A Brief Introduction to Ken Burns
Ken Burns has been making documentary films for more than 40 years. Ken’s films have been honored with dozens of major awards, including 15 Emmy Awards, two Grammy Awards, and two Oscar nominations. In September of 2008, at the News & Documentary Emmy Awards, Ken was honored by the Academy of Television Arts & Sciences with a Lifetime Achievement Award. A December 2002 poll conducted by Realscreen magazine listed The Civil War (1990) as second only to Robert Flaherty’s Nanook of the North as the “most influential documentary of all time,” and named Ken Burns and Robert Flaherty as the “most influential documentary makers” of all time. Since making his first documentary, the Academy Award-nominated Brooklyn Bridge in 1981, Ken has gone on to direct and produce some of the most acclaimed historical feature documentaries ever made, including The Statue of Liberty (1985), Huey Long (1985), Baseball (1994), Lewis & Clark: The Journey of the Corps of Discovery (1997), Jazz (2001), The War (2007), The Dust Bowl (2012), Jackie Robinson (2016), and The Vietnam War (2017) His latest documentary for PBS, The Gene: An Intimate History was released in April 2020.

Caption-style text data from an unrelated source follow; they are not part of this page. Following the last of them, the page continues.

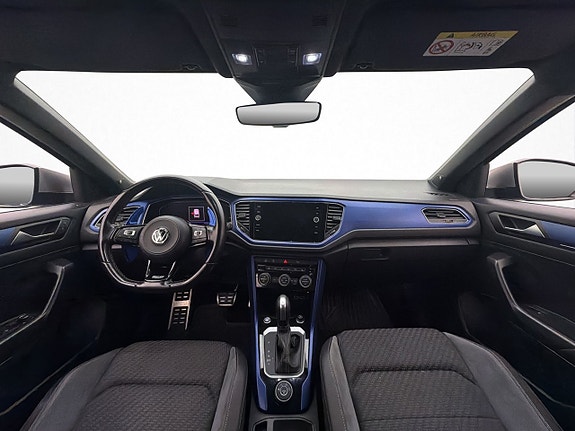 Volkswagen T-Roc 13 of 30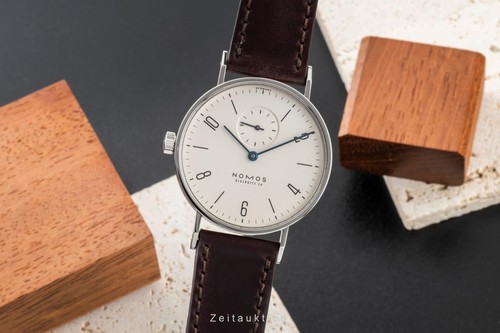 Nomos tangente stahl - tangente,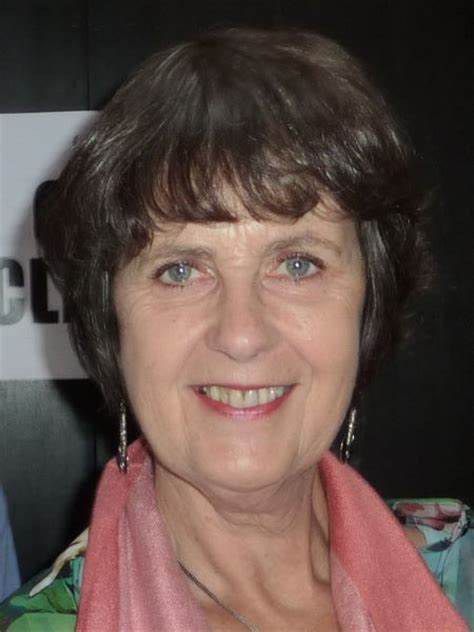 克莱尔·克利福德 Clare Clifford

Ken Burns’s 3 Tips for Telling an Unconventional Story
To tell a compelling unconventional story—whether it’s a short film or a feature-length documentary—you need to understand your relationship to convention and how it affects your storytelling. World-class documentarian Ken Burns is known for taking accounts from real-life events and crafting them into compelling, unconventional storylines. Before you begin the pre-production writing process, check out a few of Ken’s documentary filmmaking tips:
- 1. Get past your personal baggage. To finally liberate your story, you have to escape the specific gravity, the dark matter, the black hole of conventional wisdom, which oversimplifies everything. Ken received an unexpected wake-up call at the start of film production for The Vietnam War (2017). Ken assumed he knew everything about the war, but quickly realized his knowledge was only superficial. Learning from his past mistakes, Ken now starts every project by understanding his baggage and checking it. This personal baggage, or the way we view things based on our experience, passing knowledge, and limited perception can negatively affect your ability to tell an unconventional story.
- 2. Reset and start with the basics. Ken says once he realized that his personal baggage was affecting his storytelling, he had to reset and learn new information. If you want to dig deep into the unconventional, you first have to forget everything you know and start over with basic assumptions—most of which will likely be wrong. Starting over with an open mind about the subject you’re chronicling puts you in a good position to tell an unconventional story. Preconceived notions are limiting. Finding new perspectives and accounts can change your views and lead you to uncover a greater truth.
- 3. Learn new facts. “On numerous occasions, I’ve had my entire point of view rearranged by being willing to go beyond the conventional wisdom and learn new facts,” Ken says. New facts are harder for conventional wisdom to absorb, because conventional wisdom suggests you don’t need to know anything other than what you already know. For The Vietnam War documentary series, Ken and his team sought multiple perspectives that had not previously been explored. They explored the North Vietnamese perspective. They explored what their citizens felt. They heard what the Vietcong guerilla had done, what the South Vietnamese felt. “Their brave soldiers who were often denigrated because we didn't like to blame ourselves for this situation. So we included all of those perspectives,” Ken explains. All of those people provide a variety of truths, which filmmakers tend to want to distill into the simplest thing. That’s how we end up with conventional wisdom.